Stone–Čech compactification

In the mathematical discipline of general topology, Stone–Čech compactification (or Čech–Stone compactification) is a technique for constructing a universal map from a topological space X to a compact Hausdorff space βX. The Stone–Čech compactification βX of a topological space X is the largest compact Hausdorff space "generated" by X, in the sense that any map from X to a compact Hausdorff space factors through βX (in a unique way). If X is a Tychonoff space then the map from X to its image in βX is a homeomorphism, so X can be thought of as a (dense) subspace of βX. For general topological spaces X, the map from X to βX need not be injective.

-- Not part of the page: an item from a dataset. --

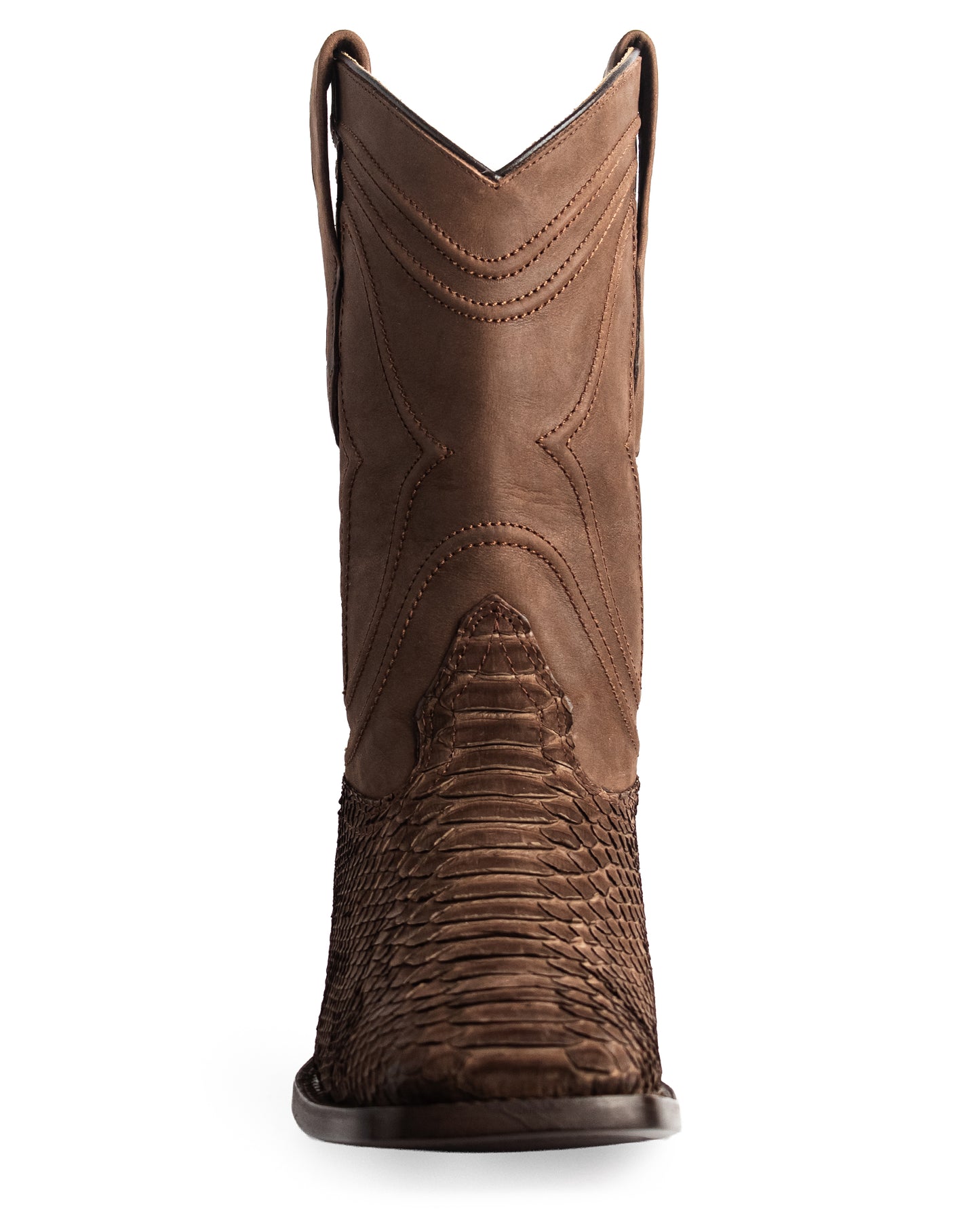 Men's Ke Dressy Wide Square Toe Boot Python Nubuck Western Boots - 82N5707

A form of the axiom of choice is required to prove that every topological space has a Stone–Čech compactification. Even for quite simple spaces X, an accessible concrete description of βX often remains elusive. In particular, proofs that βN \ N is nonempty do not give an explicit description of any particular point in βN \ N.

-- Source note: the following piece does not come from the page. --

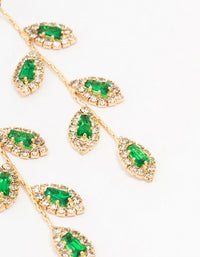 Gold Green Diamante Leaf Drop Earrings - link has visual effect only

The Stone–Čech compactification occurs implicitly in a paper by Tychonoff (1930) and was given explicitly by Marshall Stone (1937) and Eduard Čech (1937).

The Stone–Čech compactification βX is a compact Hausdorff space together with a continuous map from X that has the following universal property: any continuous map f: X → K, where K is a compact Hausdorff space, extends uniquely to a continuous map βf: βX → K.

As is usual for universal properties, this universal property, together with the fact that βX is a compact Hausdorff space containing X, characterizes βX up to homeomorphism.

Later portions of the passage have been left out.